Evan Laforge qdunkan at gmail.com
Tue Aug 4 17:01:53 EDT 2009


>> I'll try to set up a benchmarking suite to test more recent versions and
>> other functions in the interface.
>
> Thanks!
>
> A maintainable testsuite (so we can check this again in the future) will
> be useful!

I've occasionally wished for a speed and memory test suite for maps.
There are a lot of implementations for haskell, with different
tradeoffs, and it would be nice to quantify someone's assertion that
"X is so much better than Y" or test a new implementation.  This is
one area where haskell is much more complicated than an imperative
language like python, where you just use a built-in hashmap and
performance is going to be basically good for just about all uses.

As an aside, definitely +1 on including dlist.  It's very useful for
Writer, so much so I have my own type aliases for it.  However, the
name is anything but intuitive to someone looking for a list with
efficient appends.

Given all the above, one nice contribution of HP could be to package
together data structures with the promise that their use and
performance are mostly orthogonal and they represent the current best
practices for a given access pattern, and documentation describing the
differences.  I.e. we have list -> dlist -> finger tree sequence with
roughly increasing capabilities but also increasing constant costs
(I'm guessing) and the same sort of story with maps and arrays.

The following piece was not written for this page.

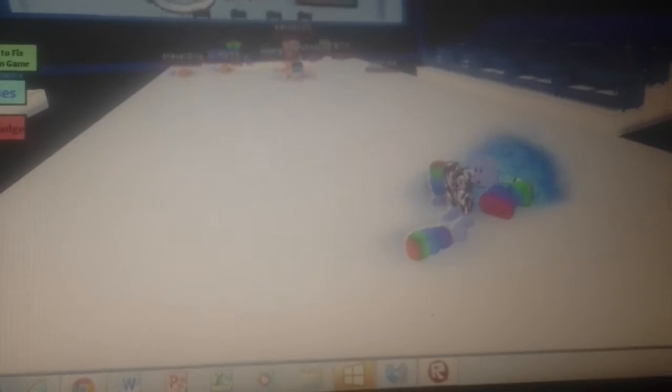We didn't win. YouTube, this has been episode 2 of Roblox. Hope you have enjoyed.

Is documentation part of the goal for HP?  Is there a place to put it?
 It would be nice if it could be integrated into the haddock in a
discoverable way, i.e. attached to Data or something, or linked off
the main TOC.  And it would be nice in general if package haddocks
could be linked (or maybe they already can?).  I'd be willing to make
a start on some documentation and some benchmarks for various access
patterns with nice graphs and stuff, if there's interest.